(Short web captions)
-=-=-=-=-

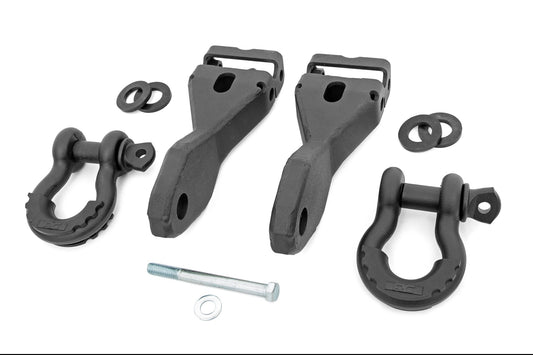 Rough Country Tow Hook Brackets D-Ring Combo 14-18 Chevy Silverado 1500 Rough Country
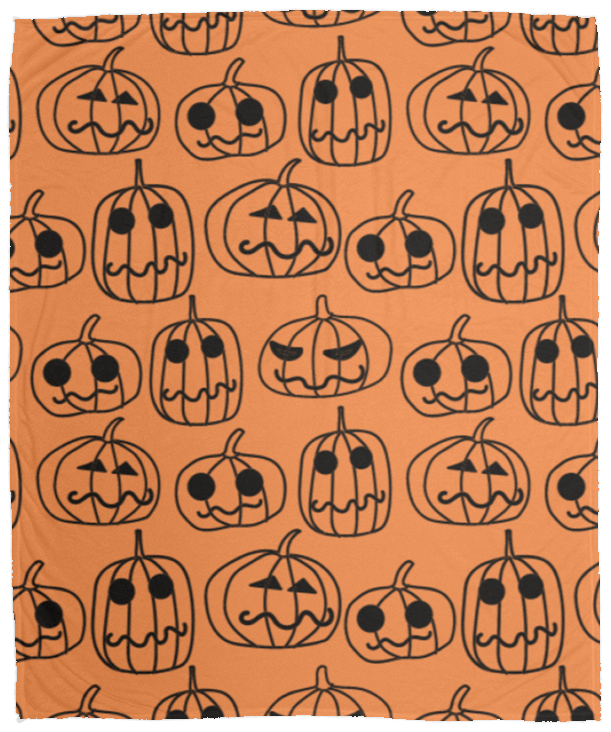 Pumpkin Face Halloween Cozy Plush Fleece Blanket - 50x60
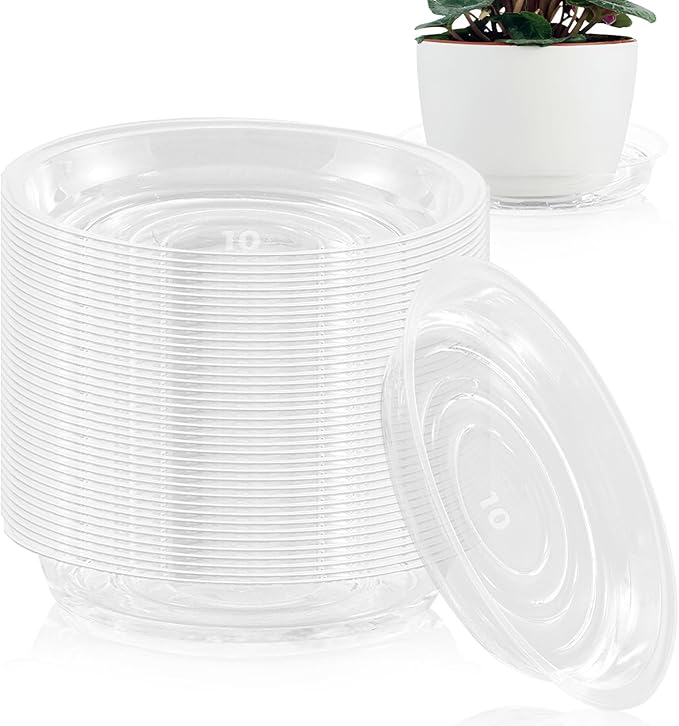 40 Pack 10 Inch Plant Saucer Clear Plant Saucers for Outdoors Plants Drip Trays, Large Pot Saucer No Holes Pot Saucers Planter Trays for Outdoor Plants Bulk Plastic Tray for Flower Pots, Snack Storage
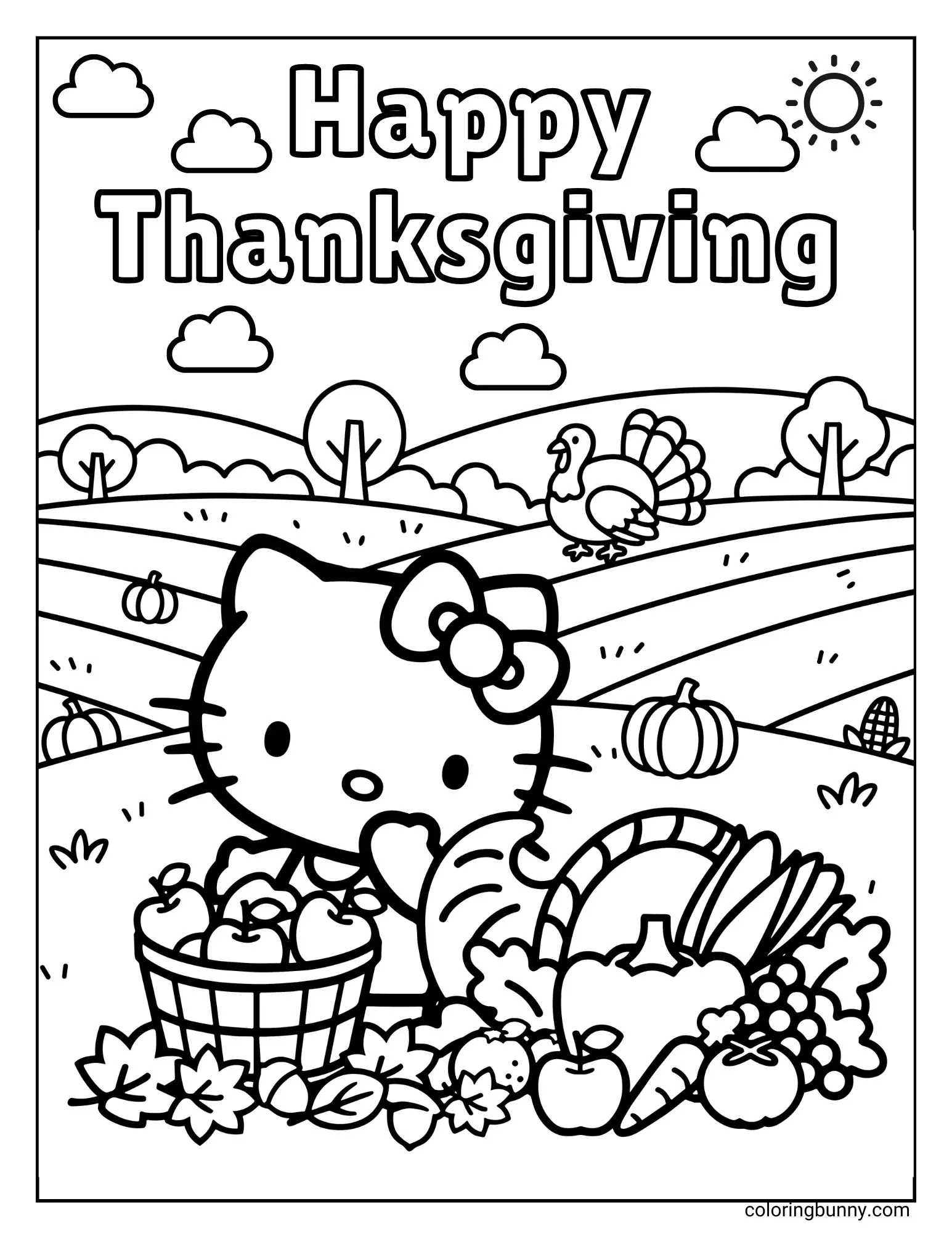 Hello Kitty Thanksgiving Coloring Pages (22 Free Printable Pdfs) with regard to Kitty Thanksgiving Coloring Sheet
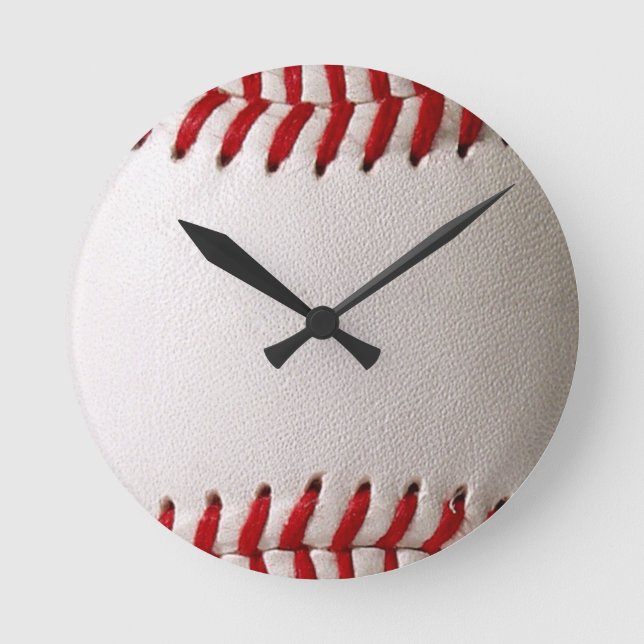 Classic Baseball and Softball Red Stitching Round Clock (Front)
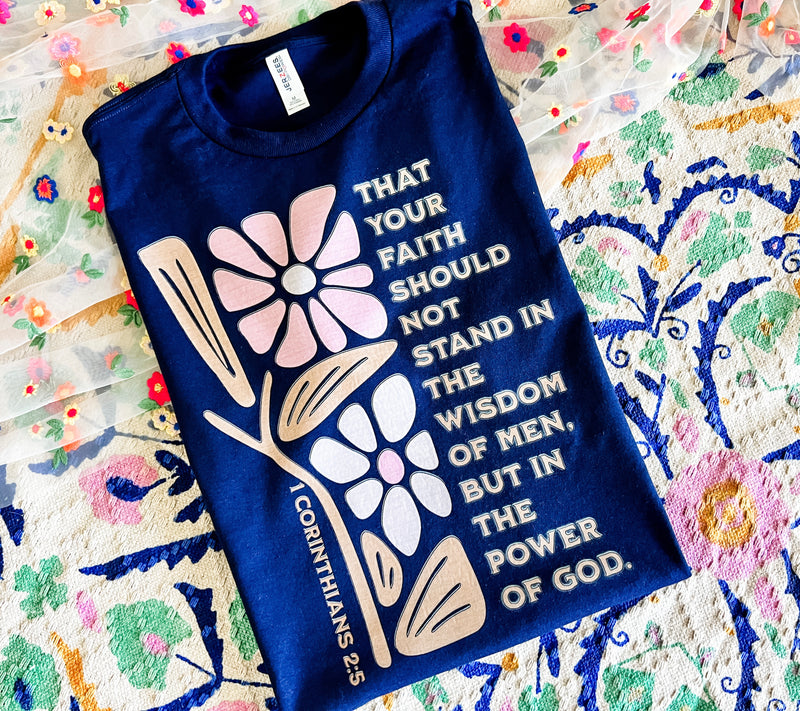 Power of God deep navy tee
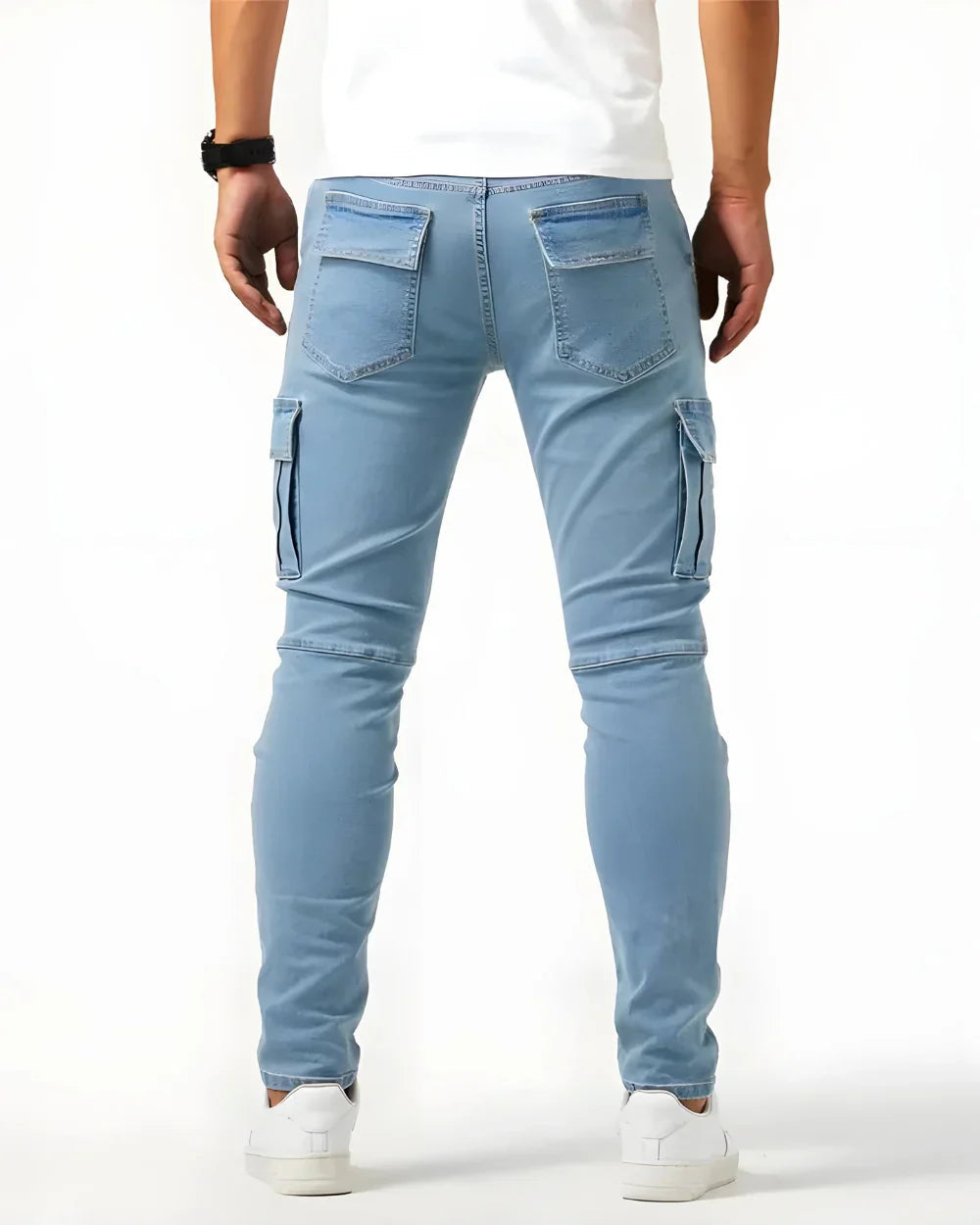 Light blue elastic cargo jeans with back pocket flaps and tapered fit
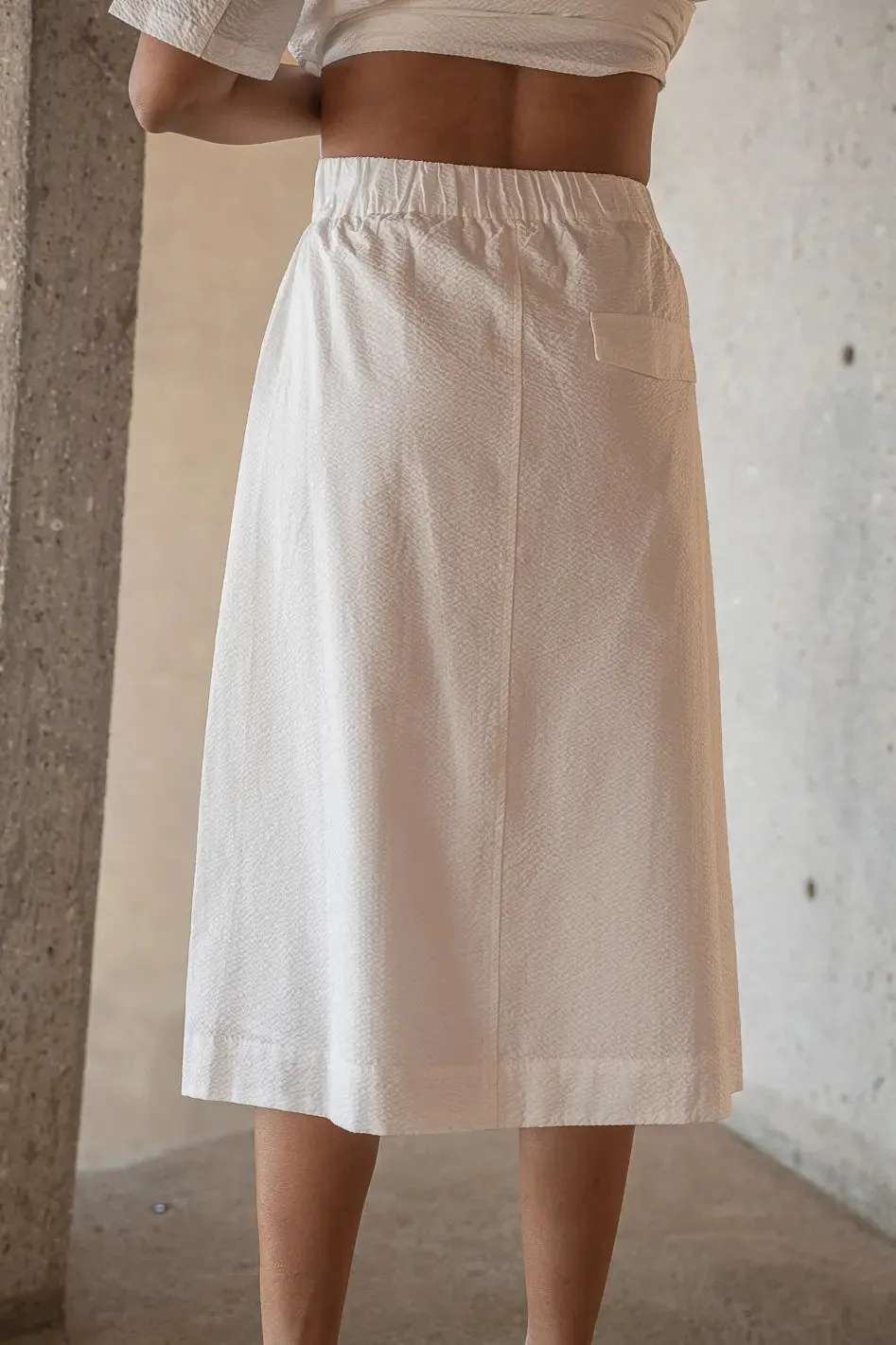 Mallory Textured Skirt in White - FINAL SALE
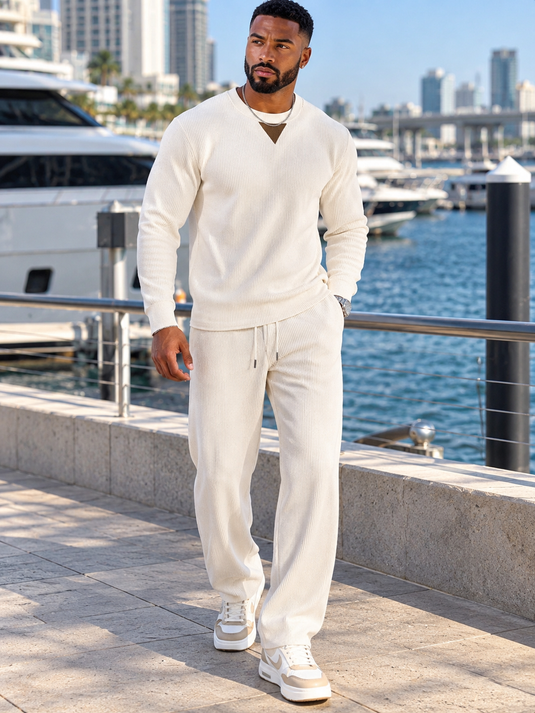 Men's Full Size Casual Crewneck Long Sleeve Sweatshirt and Jogger Set Plus Size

-=-=-=-=-

» WHAT THIS TASK INVOLVES: Leave the pictures out, then output exactly the lines from the "Power of God deep navy tee" line through the end of the records above, and no others.

» RESPONSE:
 Power of God deep navy tee
 Light blue elastic cargo jeans with back pocket flaps and tapered fit
 Mallory Textured Skirt in White - FINAL SALE
 Men's Full Size Casual Crewneck Long Sleeve Sweatshirt and Jogger Set Plus Size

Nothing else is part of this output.